[Short text fragments from websites]
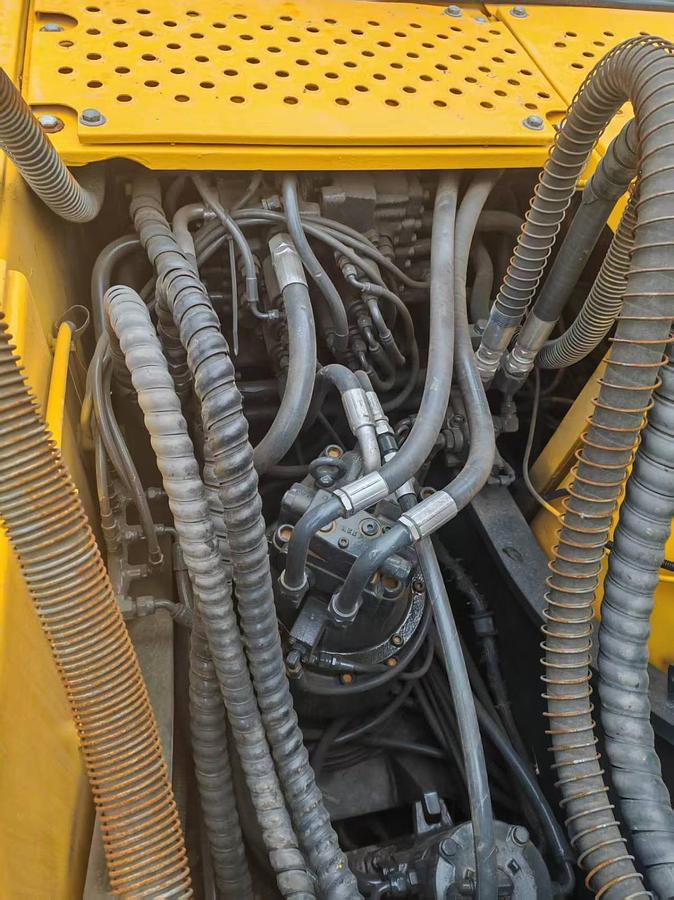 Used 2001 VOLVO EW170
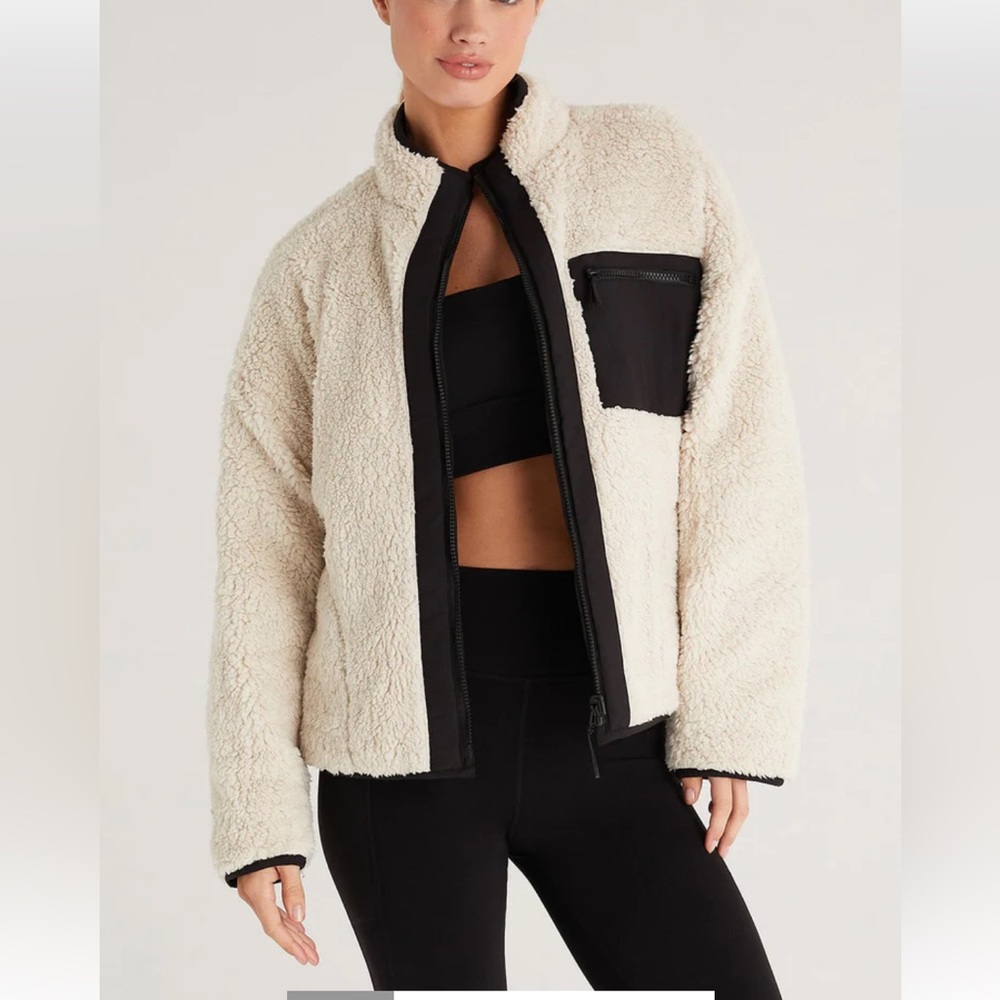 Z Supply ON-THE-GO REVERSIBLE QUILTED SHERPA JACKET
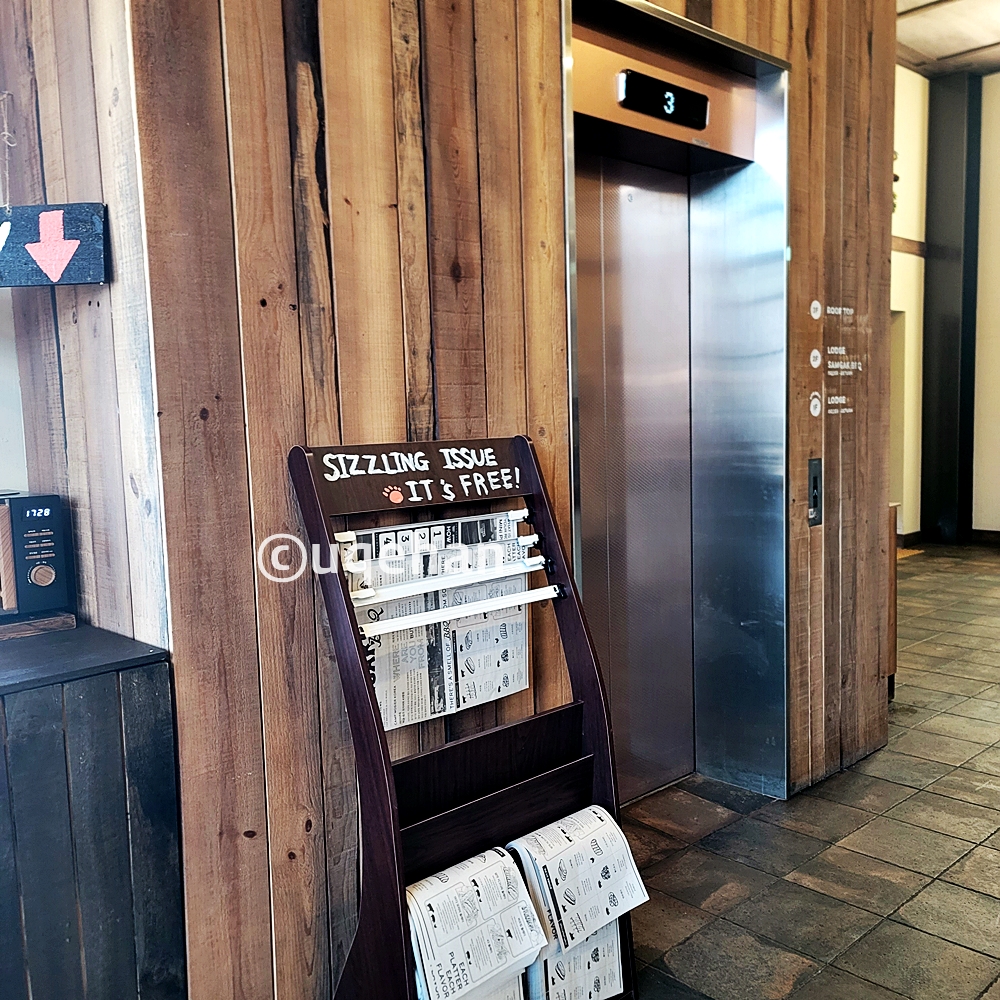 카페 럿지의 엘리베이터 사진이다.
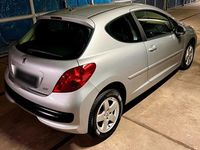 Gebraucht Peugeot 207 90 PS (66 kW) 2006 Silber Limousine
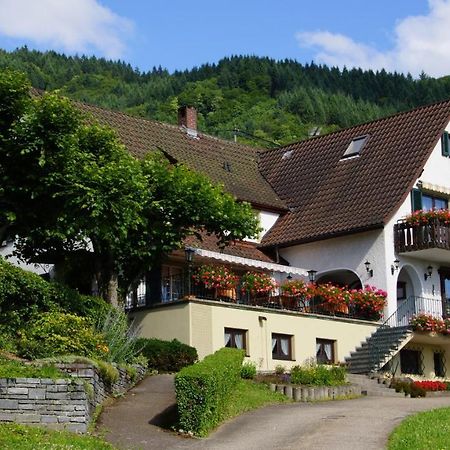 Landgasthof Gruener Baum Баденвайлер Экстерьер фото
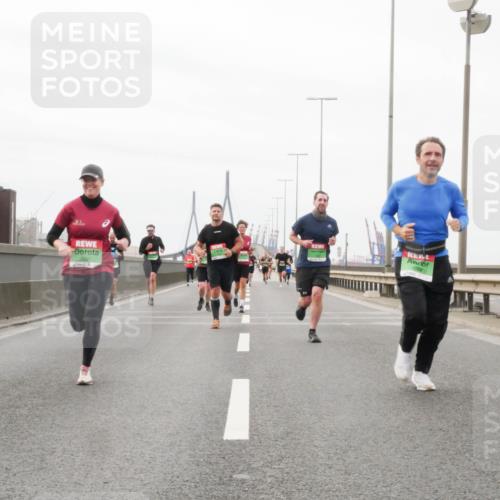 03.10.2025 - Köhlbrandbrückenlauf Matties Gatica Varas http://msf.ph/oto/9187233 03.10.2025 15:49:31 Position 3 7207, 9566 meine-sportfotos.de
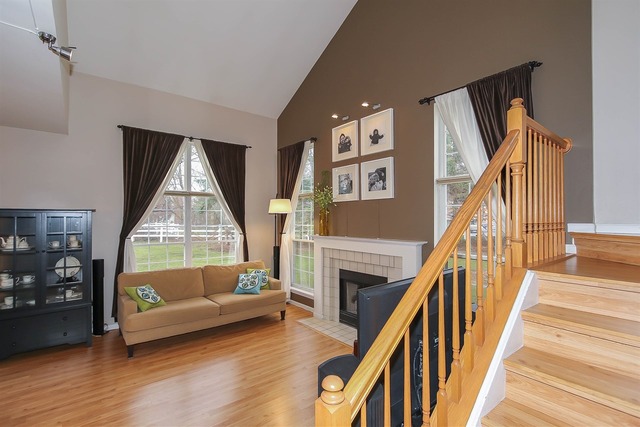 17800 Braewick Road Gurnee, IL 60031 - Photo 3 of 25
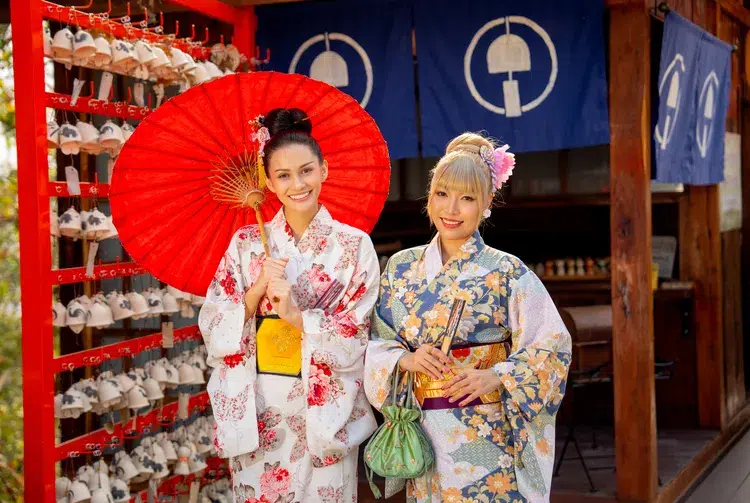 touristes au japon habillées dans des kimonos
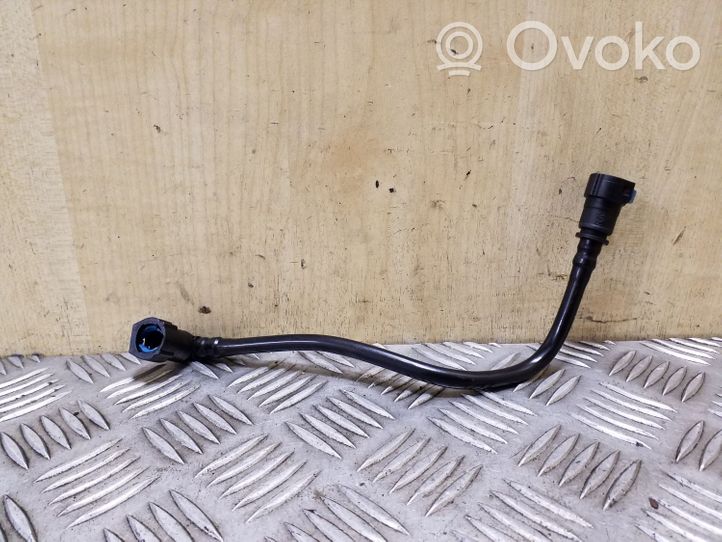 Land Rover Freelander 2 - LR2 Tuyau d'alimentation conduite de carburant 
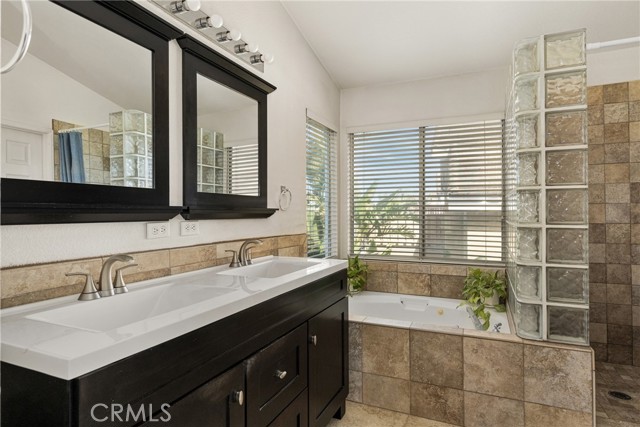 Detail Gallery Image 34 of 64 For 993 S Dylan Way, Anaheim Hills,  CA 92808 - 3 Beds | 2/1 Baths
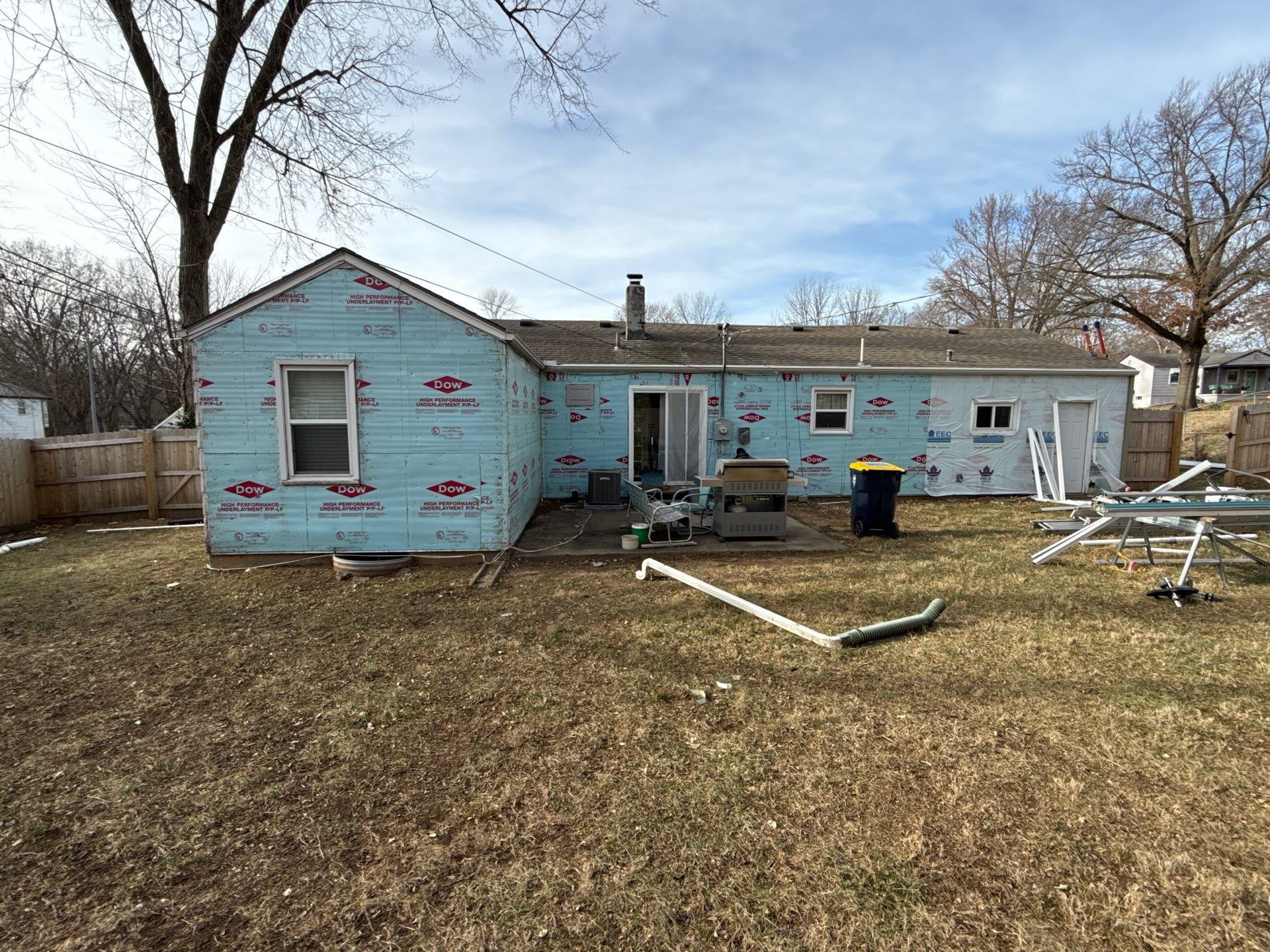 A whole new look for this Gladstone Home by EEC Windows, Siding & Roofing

Work request
Output only these lines, word for word: the line containing "카페 럿지의 엘리베이터 사진이다." and every line after it through the last line of the data. Omit the pictures.

Your solution
 카페 럿지의 엘리베이터 사진이다.
 Gebraucht Peugeot 207 90 PS (66 kW) 2006 Silber Limousine
 Landgasthof Gruener Baum Баденвайлер Экстерьер фото
 03.10.2025 - Köhlbrandbrückenlauf Matties Gatica Varas http://msf.ph/oto/9187233 03.10.2025 15:49:31 Position 3 7207, 9566 meine-sportfotos.de
 17800 Braewick Road Gurnee, IL 60031 - Photo 3 of 25
 touristes au japon habillées dans des kimonos
 Land Rover Freelander 2 - LR2 Tuyau d'alimentation conduite de carburant 
 Detail Gallery Image 34 of 64 For 993 S Dylan Way, Anaheim Hills,  CA 92808 - 3 Beds | 2/1 Baths
 A whole new look for this Gladstone Home by EEC Windows, Siding & Roofing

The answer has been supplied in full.